Downton Abbey vs. the Super Bowl

Film Friday

This is a somewhat dated item but I finally recalled a literary allusion that has been escaping me. There was a conflict on Super Bowl Sunday between the football game and the season finale of Downton Abbey, the immensely popular PBS historical drama. I believe that, just as Eli Manning was driving the Giants down the field for the winning touchdown, Downton Abbey was wrapping up.  For some people, the conflict was excruciating.

As it is for certain characters in Tom Robbins’ 1990 comic novel Skinny Legs and All.

I can’t begin to do justice to this whacky, bawdy, and immensely enjoyable work. To set up the scene quickly, a remarkable middle eastern belly dancer is so moved by a painting that heroine Ellen Cherry Charles has done for the Israeli-Palestinian restaurant where they both work (a restaurant that is located across the street from the United Nations and that is always getting bombed) that she agrees to do the fabled dance of the seven veils.  The patrons of the restaurant are thrilled—the dancer has developed an immense fan base—only it turns out that there is a catch: she will be dancing exactly at the time of the Super Bowl.  She can’t do otherwise—the stars, not she herself, decide.

To make it even worse (but to make our parallel even better), a New York team has made it to the final game.

Here’s Robbins:

Conflicts flared almost instantaneously.
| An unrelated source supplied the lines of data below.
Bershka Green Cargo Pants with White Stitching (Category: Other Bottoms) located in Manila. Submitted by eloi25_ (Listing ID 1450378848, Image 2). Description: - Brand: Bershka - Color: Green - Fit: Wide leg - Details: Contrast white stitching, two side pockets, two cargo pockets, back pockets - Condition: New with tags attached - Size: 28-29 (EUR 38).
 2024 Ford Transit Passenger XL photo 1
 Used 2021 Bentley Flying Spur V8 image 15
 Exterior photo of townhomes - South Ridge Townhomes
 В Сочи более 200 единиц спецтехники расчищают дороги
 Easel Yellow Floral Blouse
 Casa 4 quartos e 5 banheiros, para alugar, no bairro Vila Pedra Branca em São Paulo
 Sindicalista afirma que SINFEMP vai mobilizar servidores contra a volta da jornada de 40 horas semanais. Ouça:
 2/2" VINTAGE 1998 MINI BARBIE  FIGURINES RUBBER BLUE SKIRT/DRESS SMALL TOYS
On the one side, there were those for whom the legendary Dance of the Seven Veils had taken on the proportions of fabulous personal fantasy—romantic, erotic, opulent, mysterious, resonant with long-lost exotica, secrets of the Bible and secrets of the East: they would have crawled ten kilometers on a carpet of dog poop and razor blades to witness it, were it the genuine article; and with this devastating nymph who called herself Salome, there was no question of authenticy. On the other side were those for whom the Super Bowl was the most anticipated event of each and every year, the culmination of five months of thrills, endless statistics, ego boosts, and severe disappointments; a major holiday, not the major holiday, a day when routine and care were suspended; when they nation, the world, came together as one; a festival that cut cross national, racial and religious boundaries; a ritual during which no time existed except the artificial time on the game clock, a symbolic battle in which only token blood was shed and for the duration of which the grip of death on the human psyche was relaxed and put aside: Issac and Ishmael’s still had the biggest, sharpest television screen in midtown Manhattan, and this group had every intention of watching the game on it.

A few people think they’ll be able to move between both but they are wrong. It’s one or the other.

Those who see the dance have life-altering revelations. Which, given the fanaticism of Downton Abbey fans (four million of whom watched the finale in spite of the Super Bowl, only a 10 percent drop-off), might have been the case with them as well.

Robbins doesn’t report on the football results.